Although he doesn’t normally run into anti-Semitism as
he goes about his business in his dark suit, hat and long bushy beard, which
mark him as a Jew, he can’t say that anti-Semitism has been purged from
Ukrainian society, Markovitz adds. Just recently, he notes, a youth accosted him
with a Nazi salute and “Heil Hitler.” Markovitz, whose own grandparents perished
at Auschwitz, often goes to schools to talk about the Holocaust.
“The
hardest thing is when I speak to older people and they try to justify what
happened,” he says. “They say it was war.”
Through his work in the
parliament and the Kiev Interfaith Forum, Feldman has done a lot to bring the
issue of religious tolerance to the forefront, at least, of Ukrainian politics,
notes Markovitz.
Outside the hotel a small group of Ukrainian Orthodox
women were voicing their opposition to dialogue between religions – even among
different Christian denominations.
Mainly kerchief-headed grannies and
middle-aged women, they stood stern-faced and stoic, reciting prayers as they
clutched icons of Jesus and Mary, prayer beads and posters.
“We are
Christians and any unity of religions only brings about the anti-Christ,”

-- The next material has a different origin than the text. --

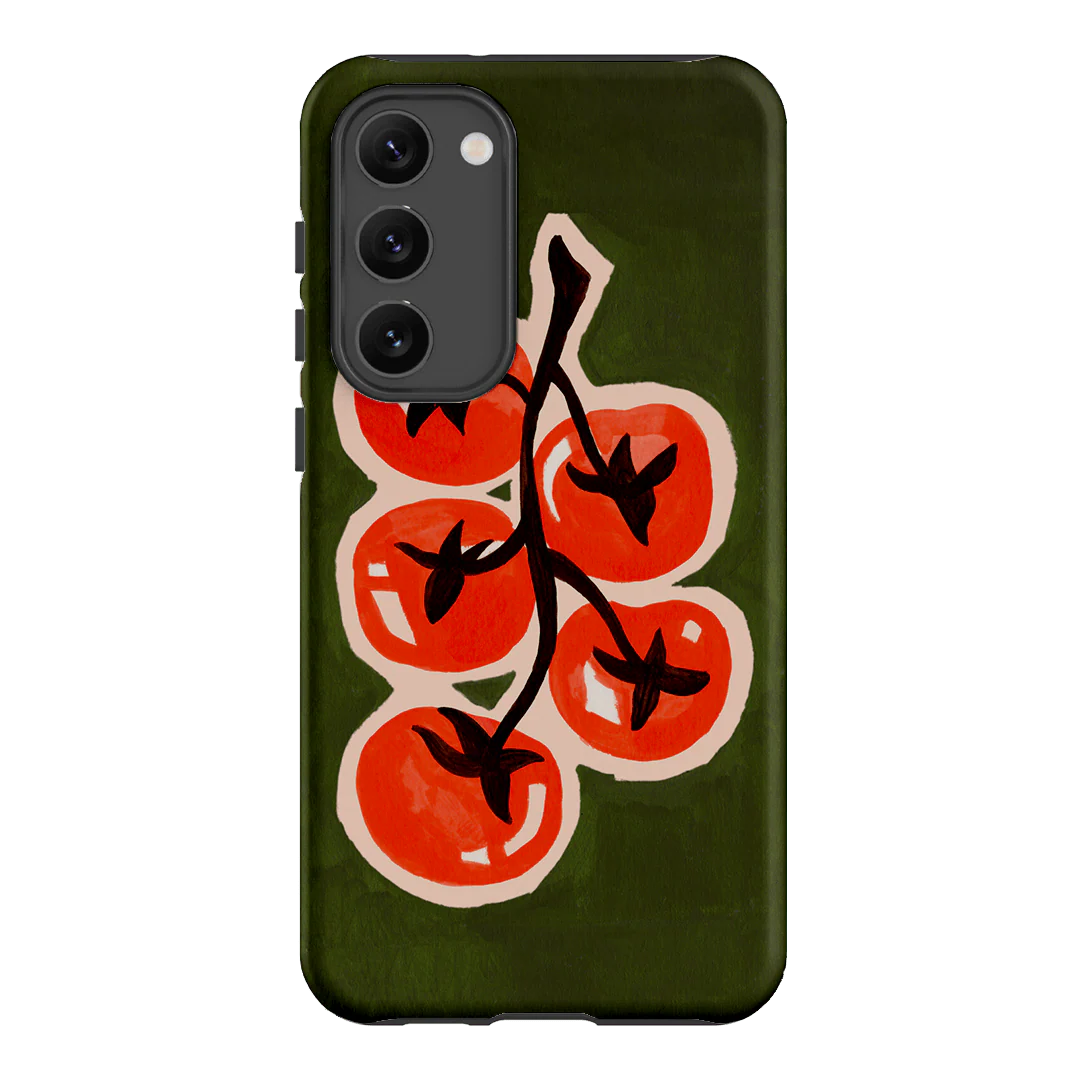 Product image 108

explains one woman in halting English, as another looks on with visible disdain
towards a journalist asking questions. “We don’t believe in dialogue with
others. We are Orthodox and all the other religions are not the proper way.” The
women were from a tiny rogue conservative faction of the Ukrainian Orthodox
Church, and their protest against the participation of one of their bishops in
the conference stemmed from an internal political-religious schism between the
Ukrainian Orthodox Church and the Russian Orthodox Church.
Young
Ukrainian journalist Vlad Golovin, who moderated one of the conference sessions
and identifies himself as a member of the Ukrainian Orthodox Church, assures
that the women represent only a very marginal and inconsequential segment of the
Church.
For him, he said, the long Christian history of his country –
which was only interrupted for 70 years during the takeover of the Soviets – is
one of tolerance. He insists that there were some priests in Kiev who spoke out
against pogroms targeting Jews.
“We are a different society. We can see
and understand, we can find information about different societies,” he says. “In
the 19th century you could tell me to hate the Jews but in the 21st century you
tell me the same thing and I can check the facts on the Internet to find out the
truth.”
His country, he says, is more tolerant than it was in the past.

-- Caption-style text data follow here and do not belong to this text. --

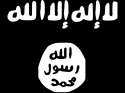 isis-flag.png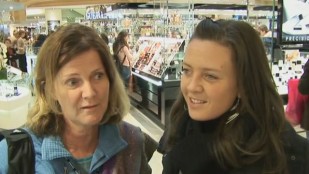 Les grands-parents ou la transmission fondamentale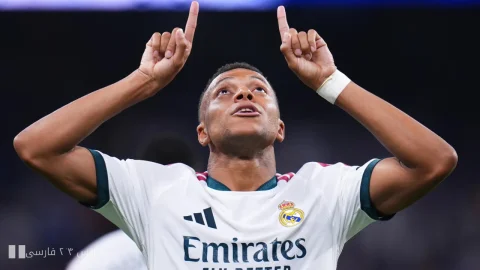Ballon d'Or Nominees Campaign: Mbappé, Yamal, Dembélé, and Kane in Competition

“We are not the only religion. I have friends from all different
churches,” he says. “Those who think otherwise are a very small number of people
and they are not significant.”
But for people with a strong sense of
Ukraine’s dark past, the ethnocentric closed-mindedness expressed by the women
demonstrators awakens fears of a resurgence of anti-Semitism. Taking into
consideration the location of the conference, the history of brutal
anti-Semitism here is hard to ignore.
Not far from all this resurrection
of religious devotion and talk of dialogue and tolerance – all of which would
have been inconceivable some two decades ago under the Soviets – lie the deep
ravines of the lush Babi Yar forest, which only some dozens of years ago were
soaked with Jewish blood in a two-day Nazi orgy of mass murder in which an
estimated 34,000 Ukrainian Jews were forced to undress and shot to death at
close range on September 29-30, 1941. Thousands more Jews and other Ukrainians
were murdered there in the ensuing months.

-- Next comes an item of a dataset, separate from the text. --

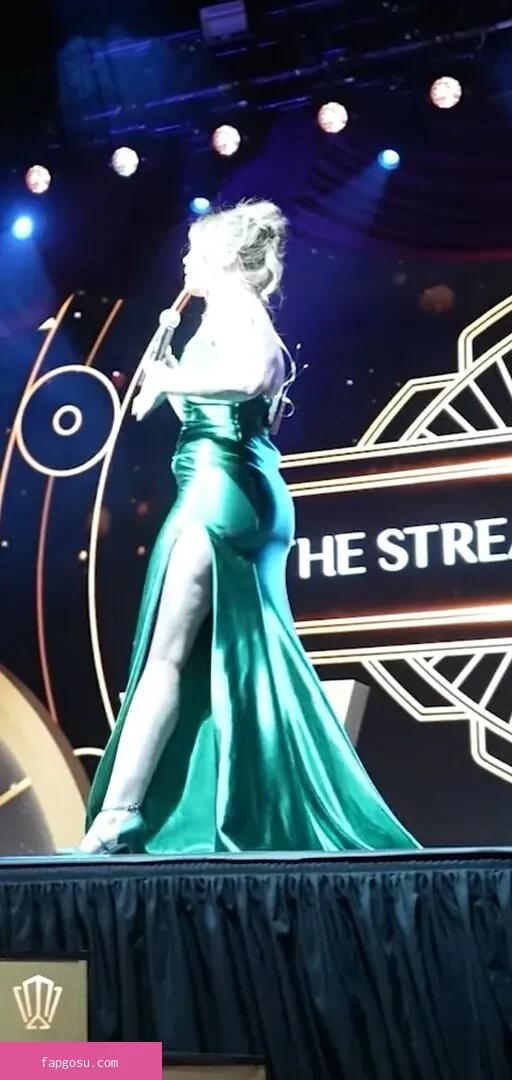 QTCinderella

In all, it is estimated that
some 1.5 million Ukrainian Jews were killed during the Holocaust – both in Nazi
concentration camps and in the hundreds of ravines and gullies dotting the
forests throughout the Ukraine, not only by the Germans but also at the hands of
Ukrainians who were only too eager to collaborate.
According to an
estimate by Vladimir Danilenko of the State Archive of the Kiev Division, at
least 100,000 Ukrainian Jews were killed in violent pogroms from the start of
the last century until World War II and thousands more were killed in the
previous century, when until 1913 Jews constituted up to 30 percent of the
population of Kiev.
With its three synagogues, one mikve and one kosher
restaurant, which serves up a mean borscht, the Kiev Jewish community is lively
and warm, says Markovitz, but it is still only a shadow of the vibrant community
it once was before World War II , when there were some 40 synagogues and Jewish
centers of learning scattered throughout the city. “Today I stand here and I
think we have won,” says the rabbi during a break in the conference, sipping tea
as two Orthodox bishops chat nearby. “It is not just me personally who is an
answer to anti-Semitism, but I can be proud of the Israeli army and I can say
kaddish and blessings and the Ukrainian army will stand by my side for
protection.”
Though the variety of activities for today’s Jewish youth
may not be as diverse as that in London, for example, the atmosphere for the
young Jews of Kiev has indeed improved since the 1990s, notes Jewish activist
Victoria Godik, the 29-year-old president of the Ukrainian Union of Jewish
Students (UUJS). Young people are not afraid to walk around the city wearing a
Star of David necklace or a kippa, but there is still more to be done, she
says.
“It still is not enough. I want to stay Jewish and raise my
children in a Jewish environment,” she says, noting however that a move to
Israel is not in the picture for her in the near future. Though the days of
quaint Jewish shtetl life may be gone, the big cities can still be thriving
centers of Jewish life, Godik believes. “I think the Diaspora has a right to
exist and if we have a strong Diaspora, we have a strong Israel and vice
versa.”
Nevertheless, sitting in one of the large conference rooms of the
hotel, she notes the proximity of Babi Yar and adds that despite the apparent
integration of Ukrainian Jews into Kiev society, the Holocaust, including the
story of Babi Yar, unfortunately still remains a topic relegated only to the
Jewish realm. The history of the forest massacre is taught only in Jewish
schools. Indeed, the only memorial dedicated specifically to the Jewish victims
of the atrocity was put up after the fall of the Soviet Union by the Ukrainian
Jewish community.
Despite the deeply ingrained anti-Semitism of the older
generations, Lyudmyla Sukhareva, 23, event coordinator for the UU JS, says she
has been lucky in her young life not to have experienced any outward
anti-Semitism, although undeniably there is the passive “cultural”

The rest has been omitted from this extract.